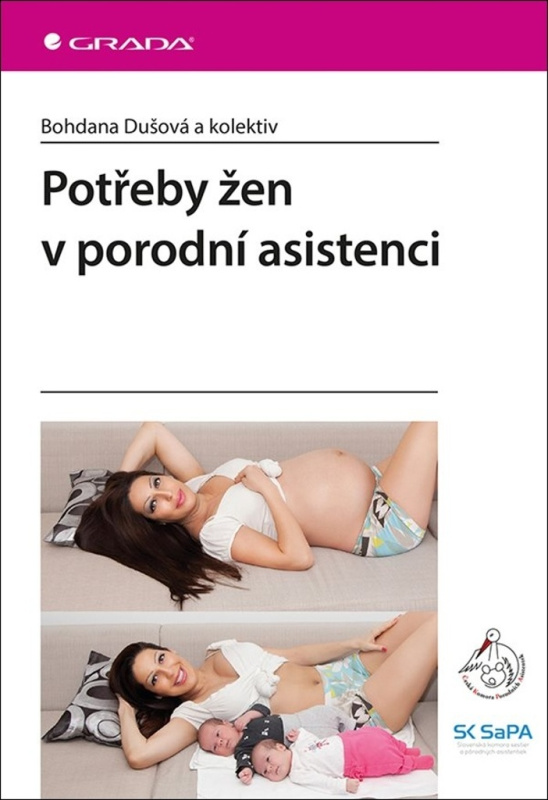 Potřeby žen v porodní asistenci - Bohdana Dušová, kol.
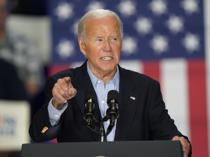 Biden back on campaign trail as pressure mounts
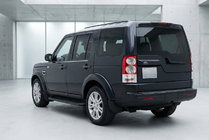 Land Rover Discovery IV 2009-2017 Seitenschweller Tayga Black (2 Stk., Aluminium) Foto 2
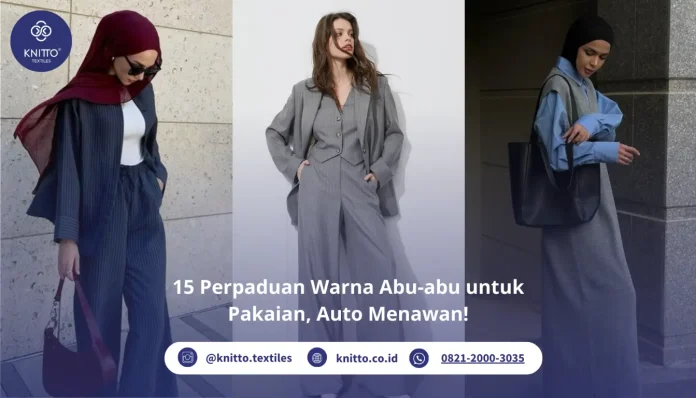 Warna Abu Abu Cocok dengan Warna Apa ya? Coba 15 Ide Ini!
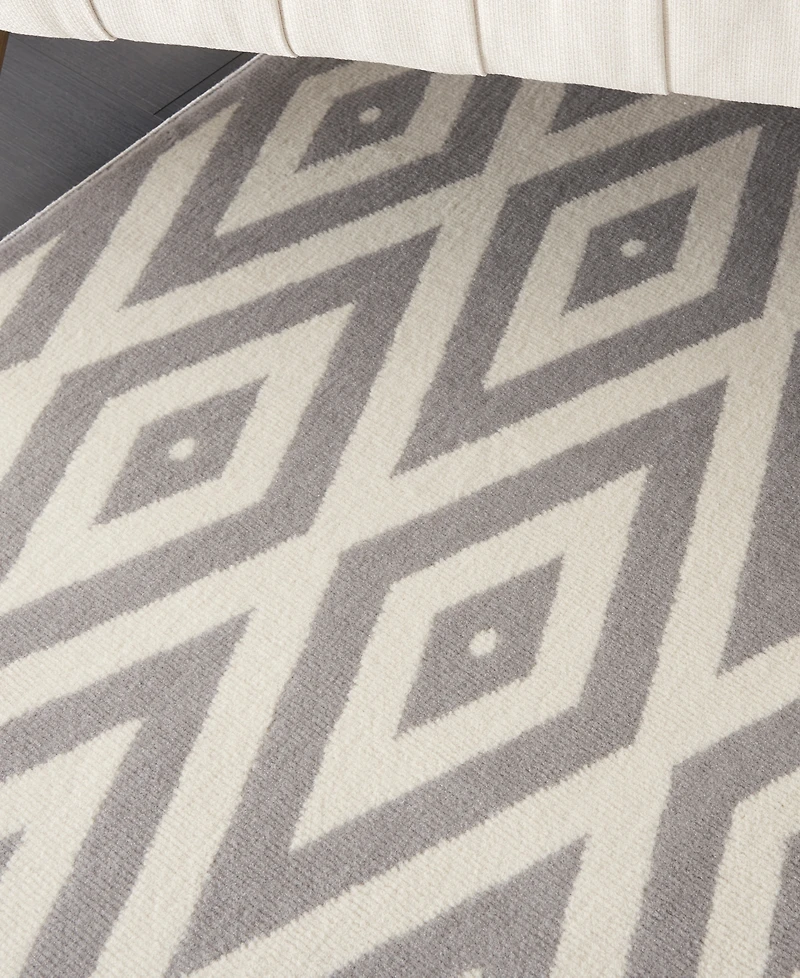 Nourison Home Grafix GRF18 7'10"x9'10" Area Rug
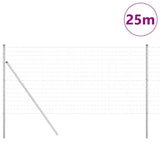 Ground Fix Welded Wire Fence 25 x 1 m 3350532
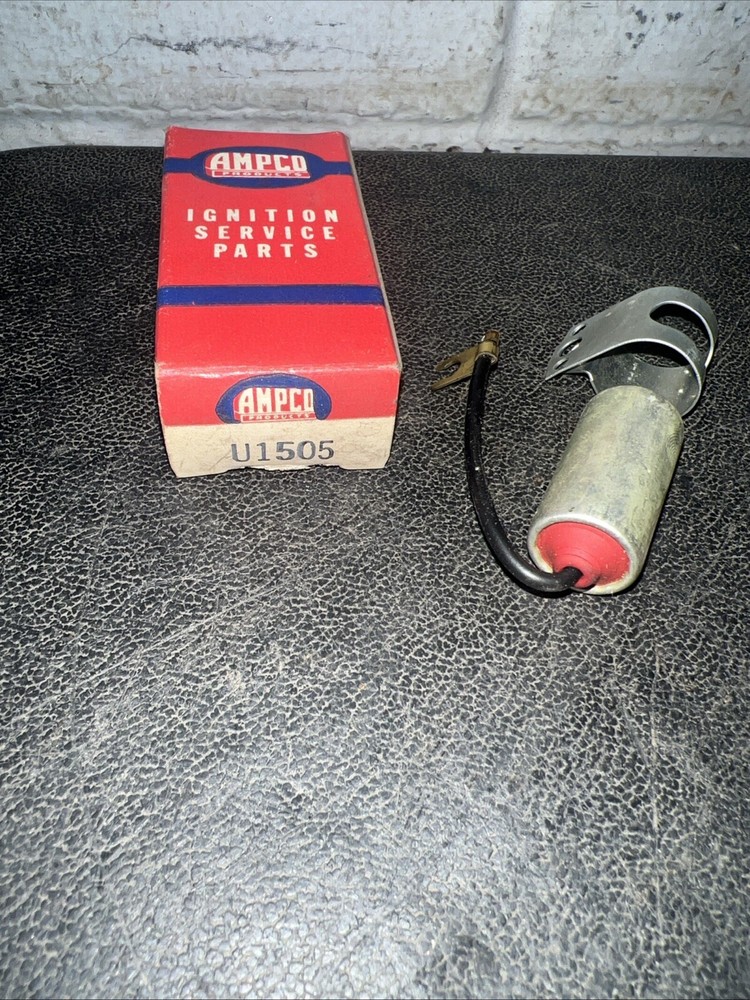 Vintage NOS Ampco Ignition Condenser U1505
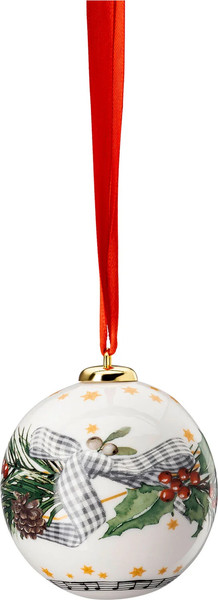 Шар новогодний Hutschenreuther Christmas Songs 2024 / 02472-727212-27937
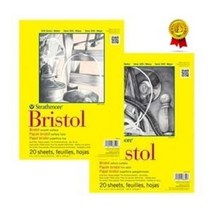 스트라스모어 브리스톨 Smooth Vellum 270g 28x35cm 1면 20매 /옵션선택, 28x35cm Smooth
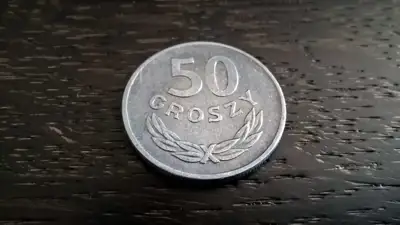 Снимка за обява „Монета - Полша - 50 гроша | 1972г."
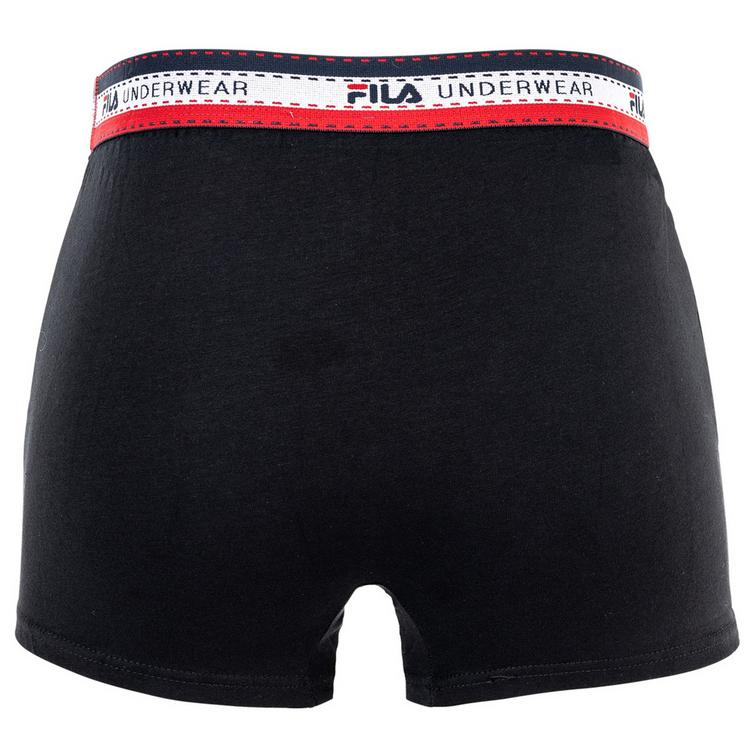 FILA FILA Boxershort Unterhose Herren - Schwarz/Wei&szlig;/Grau/Blau - 3 | SportScheck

#### Required work:
Please reproduce every entry above exactly, but leave out the pictures.

#### Response to the task:
 Potřeby žen v porodní asistenci - Bohdana Dušová, kol.
 Biden back on campaign trail as pressure mounts
 Land Rover Discovery IV 2009-2017 Seitenschweller Tayga Black (2 Stk., Aluminium) Foto 2
 Warna Abu Abu Cocok dengan Warna Apa ya? Coba 15 Ide Ini!
 Nourison Home Grafix GRF18 7'10"x9'10" Area Rug
 Ground Fix Welded Wire Fence 25 x 1 m 3350532
 Vintage NOS Ampco Ignition Condenser U1505
 Шар новогодний Hutschenreuther Christmas Songs 2024 / 02472-727212-27937
 스트라스모어 브리스톨 Smooth Vellum 270g 28x35cm 1면 20매 /옵션선택, 28x35cm Smooth
 Снимка за обява „Монета - Полша - 50 гроша | 1972г."
 FILA FILA Boxershort Unterhose Herren - Schwarz/Wei&szlig;/Grau/Blau - 3 | SportScheck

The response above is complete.